If you are a false Christian and you take Communion, you become guilty of His death. “Let a man examine himself.” Every time you come to the Lord’s Table, it is a time of self-examination. If you don’t do that, if you’re unwilling to do that, the likelihood is you have found a comfort zone in your self-delusion.
There’s a fourth matter that I think seduces people into this delusion: a fixation on religious activity, a fixation on religious activity. Being in a church, being with people who call themselves Christians, reading, quote-unquote, “quasi-Christian literature,” talking about God, as so many people feel today, feeling spiritual; even being in a Bible study, being a part of some Christian organization. This lulls people into the deception that that’s the equal of being saved.
Oh my, Christianity is filled with people in all kinds of religious activities. Just think of all the Christian organizations; I mean, there’s no end to them. Think of all the Christian publishing – books, music, literature of every imaginable kind, television, radio – it’s endless. How many people are involved in all of this? Think of all the churches, from Roman Catholicism, the Orthodox Church, down through everything that purports to be Christian, including cults, all the way through to liberal Protestantism, the denominations, all the way down to every different kind of church. And churches now pop up everywhere. The idea today is to start your own church. You’re not supposed to be called or gifted or trained or ordained, you’re just supposed to be entrepreneurial. Everywhere these churches pop up, and then reinvent what a church should be around the personality of the leader. And they involve people.
I just got a little deal that somebody showed me the other day that came out to everybody in my part of town: The New Techno Church. And it features breakdancing Jesus boy – breakdancing Jesus boy in the New Techno Church. Now that’s involving a lot of people. And when they meet, it says, “When you come, bring your stuff. Bring your rap albums, bring your turntable, and you can be a disc jockey,” and who knows what’s going on in that situation. It involves all kinds of people who feel like they’re connected to breakdancing Jesus boy. And we laugh at that because it’s so absolutely ludicrous and ridiculous; but it’s a tragedy beyond all tragedies. Religious activity everywhere, everywhere.

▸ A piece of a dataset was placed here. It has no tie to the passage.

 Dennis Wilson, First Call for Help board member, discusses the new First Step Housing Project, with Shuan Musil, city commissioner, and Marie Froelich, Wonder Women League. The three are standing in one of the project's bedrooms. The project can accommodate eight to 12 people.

There’s a fifth feature that I think lures people into deception. I like to call it a fair exchange approach, a fair exchange approach. It’s so typical. It usually starts like this: “I’m basically a good person.” It’s the idea that you believe in God, and you’re a good person as over against a bad person, which means, given a twenty-four hour day, most hours in that day you’re not committing a violent crime. That’s the way it works. It’s all about stacking up the hours. “How many hours a day do I commit crimes? Well, it’s a rare day when I do a crime. But there are a lot of other days when I don’t do a crime, so I’m basically good.” Or, “How many hours a month am I raping someone? Ah, it’s occasionally; but most of the time I’m basically a good person.” That’s how it works. They sort of balance off the timetable.
We tend to also balance off our sin with something good, you know. “Hey look, I support my family. I support my family. Yeah, I know I stumble once in a while, and I’m unfaithful to my wife, and I cheat on my Income Tax. But I’m telling you this; I take my kids, you know, to the Saturday Little League. I’m a good dad.” Really? “Yeah. God wouldn’t keep me out of heaven. After all, I believe in God, and hey, I believe in Jesus, and I’m basically a good person.”
Now, of course, that’s the biggest lie in religion. You have to forget in order to buy that lie that God only justifies the ungodly. So it’s not until you’re ungodly and you know it – you’re already ungodly, you just don’t know it. But when you come to the knowledge that you are ungodly, then there’s hope that you could be justified; but not until. This works for most people. Some bad over here, some good over here, balance: “I’m on the good side, I’ll be okay. God certainly couldn’t keep me out of heaven.”
There’s another element in this little list of attitudes that give people a false sense of assurance: Familiarity with biblical morality. Familiarity with biblical morality. They say, “Oh, hey, I don’t deny what the Bible says; I believe in a biblical morality. I’m not pro-homosexual, I’m not anti-marriage, I’m not anti-family. I agree with that; I think sexual activity should be between a husband and a wife only inside marriage. I hold that morality, I must be on my way to heaven.”
And there are lots of people who fit into this category. Take, for example, the Mormons. They say this is their way of life, although it doesn’t always work out so. “I’m not certainly trying to twist the Scripture. Look, I don’t have any argument with the Bible. Actually, I don’t know what it says, but I think these are the kind of things that the Bible advocates, and I’m for them.”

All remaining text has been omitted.